• **What you should do**
The lines in the listing below are to be given again exactly, starting at the line holding "3 bedroom detached" and ending at the line holding "マンチェスター・シティFCさんのインスタグラム写真 - (マンチェスター・シティFCInstagram)「🇺🇸". Do not include pictures.

──────── Source records ────────

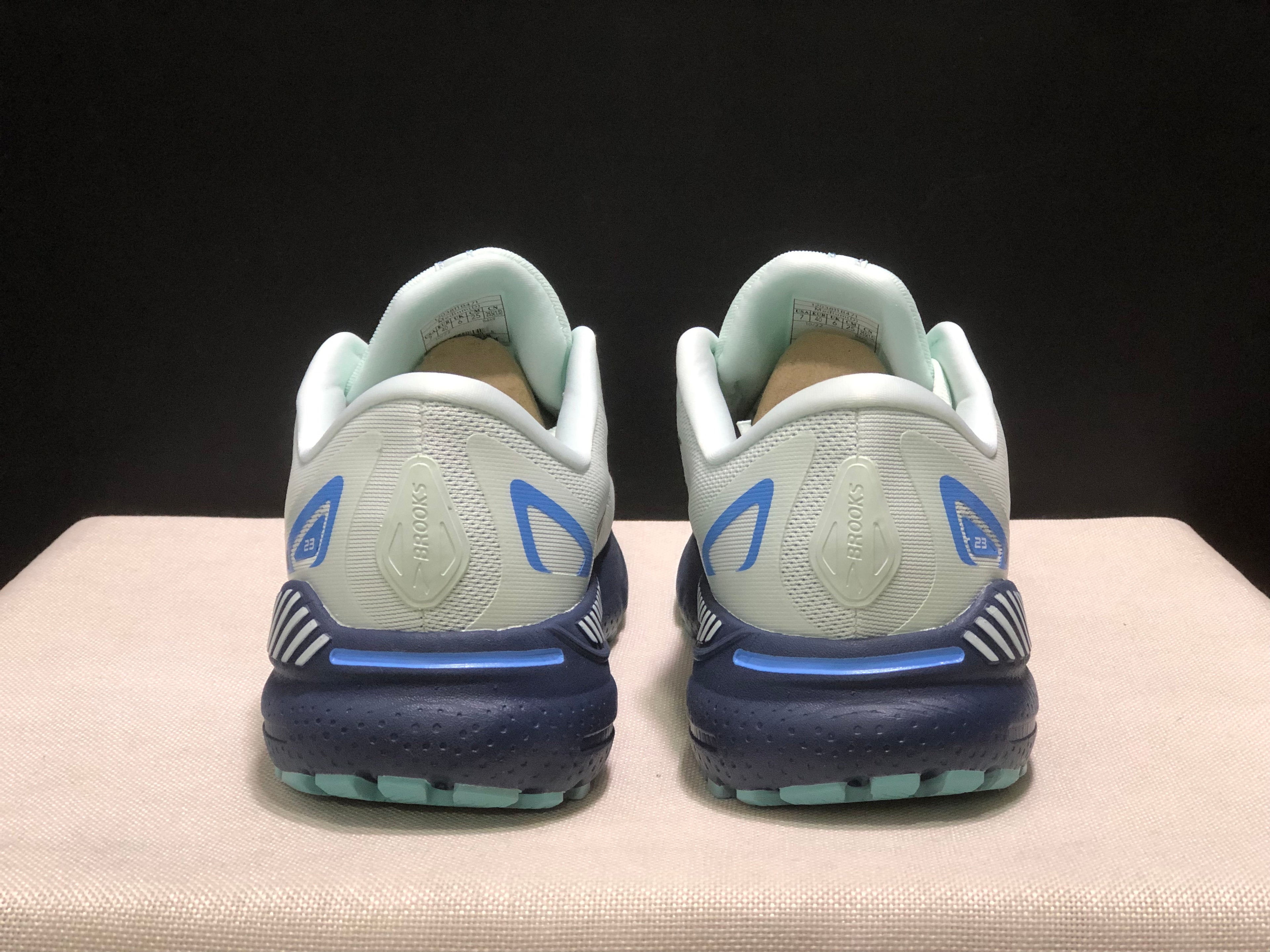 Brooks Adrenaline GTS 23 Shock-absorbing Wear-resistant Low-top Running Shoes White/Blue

────────
──────── Source records ────────

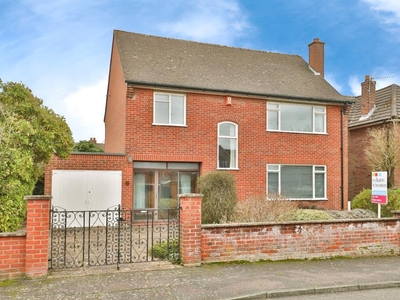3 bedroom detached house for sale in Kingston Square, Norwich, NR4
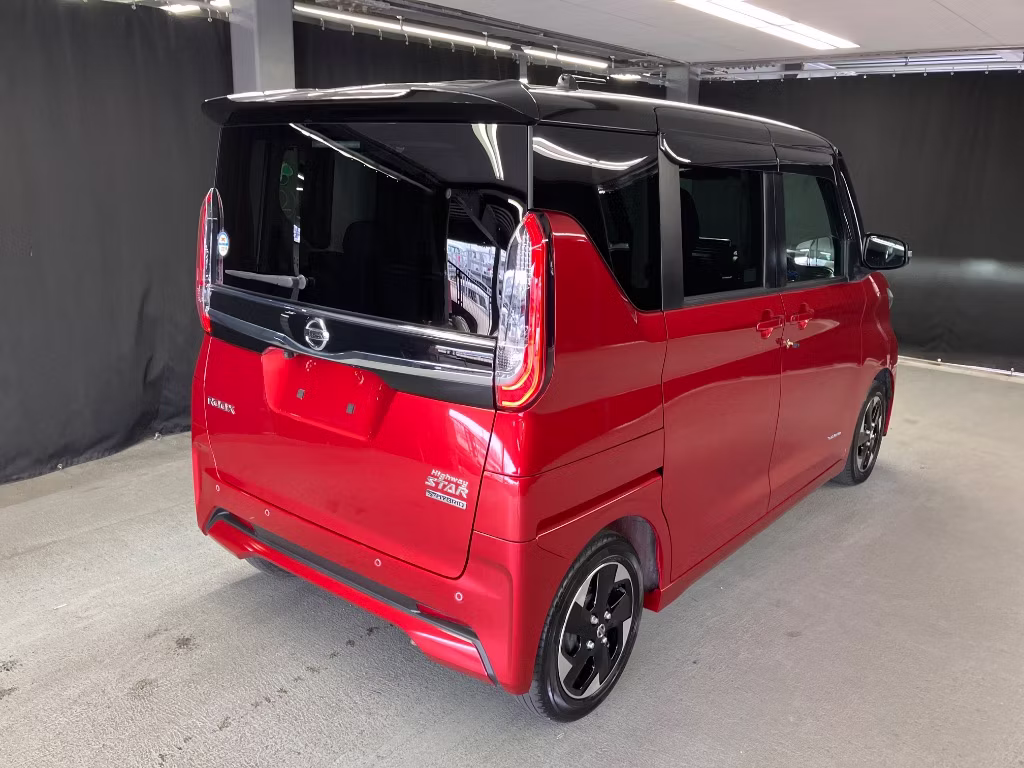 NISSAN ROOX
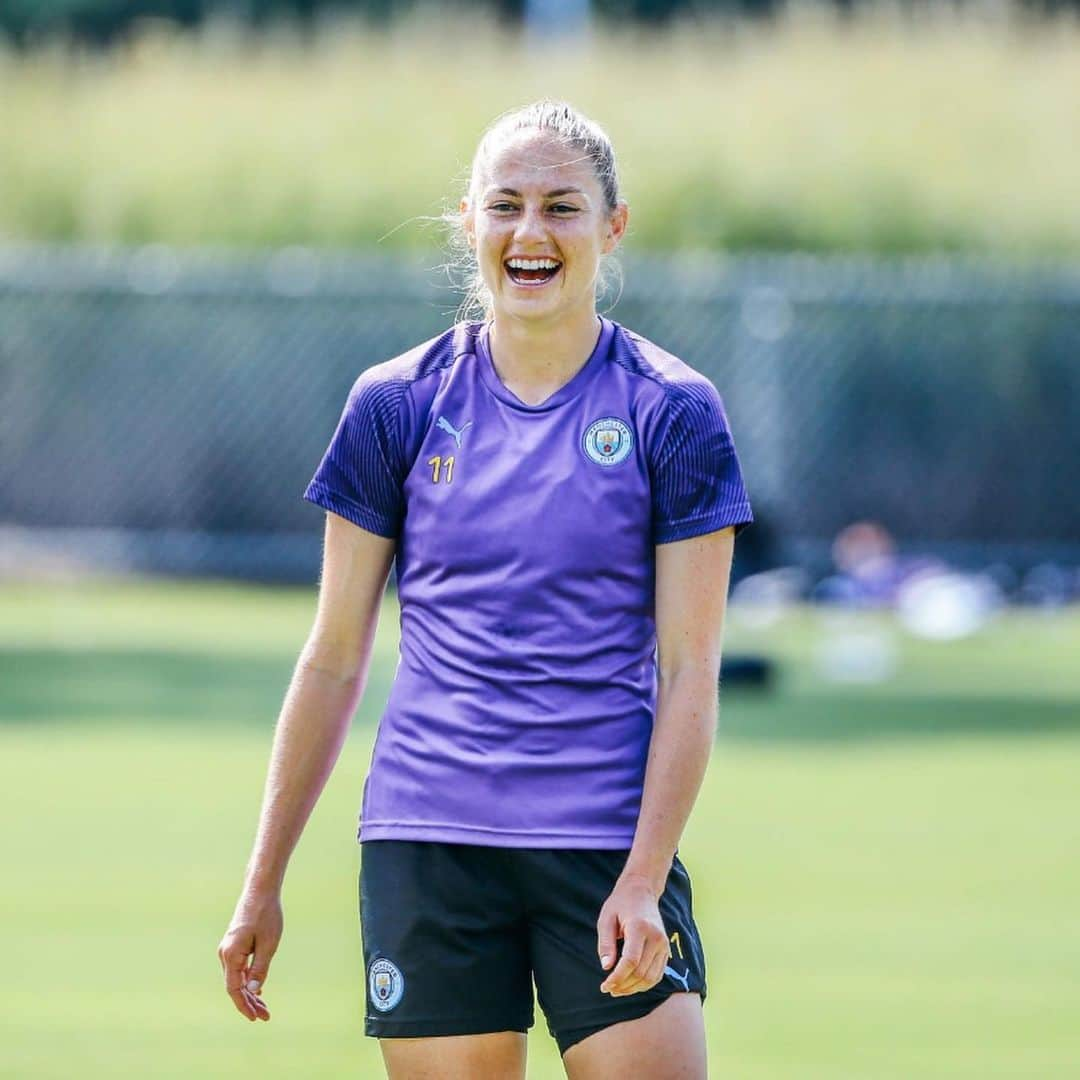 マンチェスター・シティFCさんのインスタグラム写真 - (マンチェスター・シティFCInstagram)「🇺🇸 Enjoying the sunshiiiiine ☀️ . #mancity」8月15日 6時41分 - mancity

────────
──────── Source records ────────

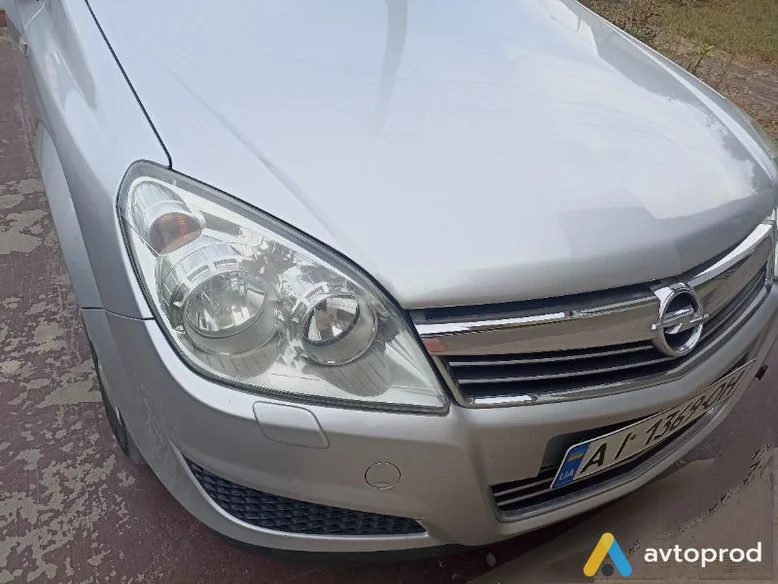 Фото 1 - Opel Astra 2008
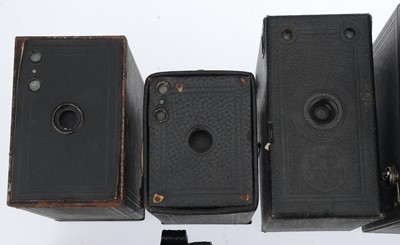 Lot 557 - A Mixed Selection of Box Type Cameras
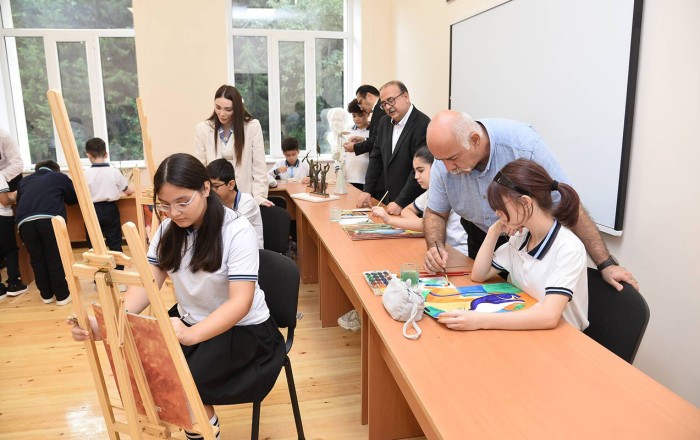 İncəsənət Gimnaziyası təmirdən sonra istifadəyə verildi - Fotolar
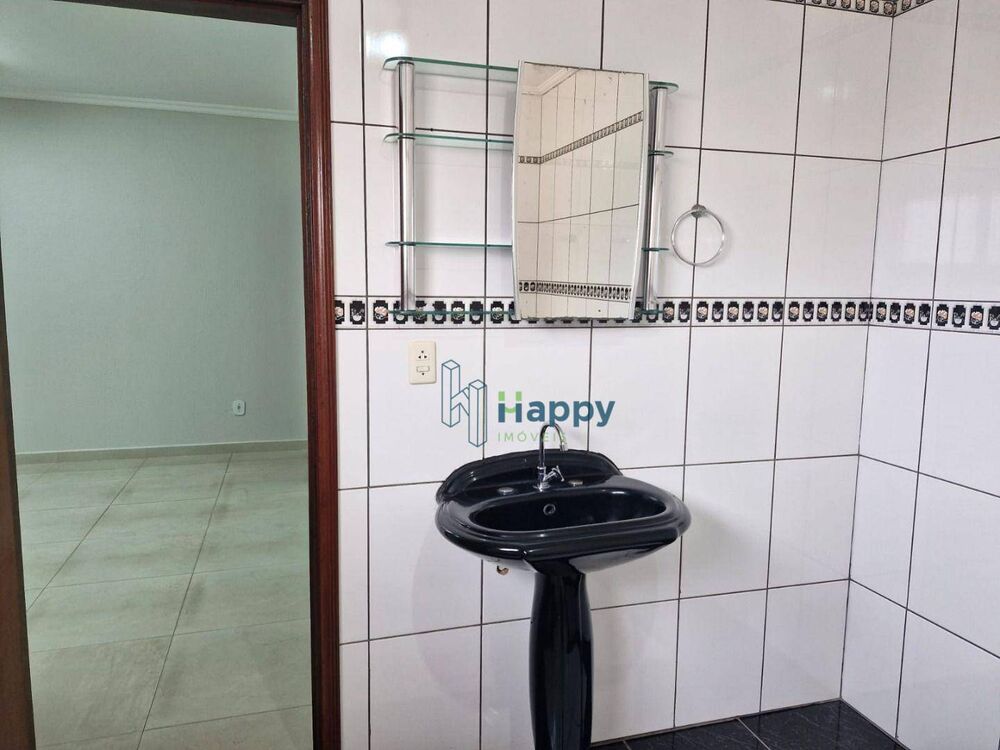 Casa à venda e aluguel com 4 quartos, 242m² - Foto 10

────────

• **Finished exercise**
3 bedroom detached house for sale in Kingston Square, Norwich, NR4
 NISSAN ROOX
 マンチェスター・シティFCさんのインスタグラム写真 - (マンチェスター・シティFCInstagram)「🇺🇸 Enjoying the sunshiiiiine ☀️ . #mancity」8月15日 6時41分 - mancity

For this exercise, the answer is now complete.